In conjunction with a hearing held on September 13, 2011 by the House Financial Services Committee entitled “Ensuring Appropriate Regulatory Oversight of Broker-Dealers and Legislative Proposals to Improve Investment Adviser Oversight,” a discussion draft of a bill was issued by Committee Chairman Spencer Bachus (R. Alabama) entitled the "Investment Adviser Oversight Act of 2011" (the "IA Oversight Act"). This bill, which has not been referred to the Committee, would amend the Investment Advisers Act of 1940 (the "Advisers Act") to require investment advisers registered either with the Securities and Exchange Commission ("SEC") under Section 203 of the Advisers Act or with a state authority under Section 203A to become a member of a registered national investment adviser association.1
Any investment adviser with assets of 90 percent or more attributable to the following types of clients would not be required to become a member of an IA SRO:
- Investment companies registered under the Investment Company Act of 1940 (the "Investment Company Act");
- Non-U.S. persons;
- Clients that in the aggregate own not less than $25 million in investments;
- Funds organized for charitable or religious purposes;
- Pension or profit sharing plans;
- Private funds (including hedge funds and private equity funds relying on an exemption under Sections 3(c)(1) or 3(c)(7) of the Investment Company Act); and
- Venture capital funds.
Also exempt would be affiliates of any of the above investment advisers with integrated compliance programs, so that membership would result in duplicative regulatory examinations.
An investment adviser that is also registered as a broker-dealer with the SEC, even if it would otherwise qualify for one of the above exemptions, would still need to become a member of a registered national investment adviser association.
Approval of Registered National Investment Adviser Association
The IA Oversight Act would establish standards for SEC approval of a registered national investment adviser association, including having a periodic examination program, a self-funding mechanism, the issuance of an annual report and a process for disciplining its members.

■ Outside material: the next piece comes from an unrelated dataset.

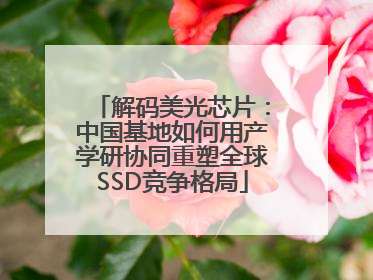 解码美光芯片：中国基地如何用产学研协同重塑全球SSD竞争格局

The SEC would have oversight authority over the association, and would be required to establish procedures for the review of applications for registration and approval of its rules, including a public approval process for rule amendments.

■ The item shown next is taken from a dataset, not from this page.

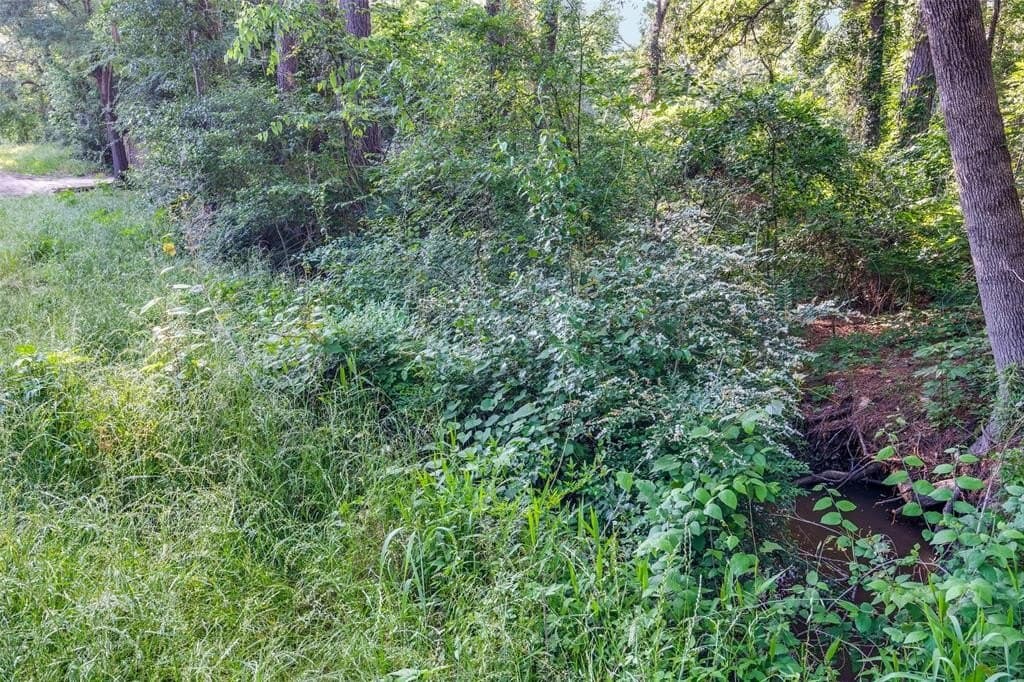 0.17 acres in Henderson County - photo 2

Existing SROs, including FINRA, would not be precluded from seeking approval as a registered national investment adviser association under the IA Oversight Act.2 However, other industry organizations, while advocating the establishment of an IA SRO, oppose FINRA in that role.3 The Managed Funds Association continues to support the existing framework of SEC regulation of private fund managers, as enhanced by the Dodd-Frank Act and regulatory implementation of the Act.4 While it is uncertain whether the draft bill will be introduced in its current form, it is likely that there will continue to be support for greater scrutiny of investment adviser activities, either through an expanded SEC examination program, the creation of a dedicated SRO for investment advisers or the expansion of FINRA authority over investment advisers.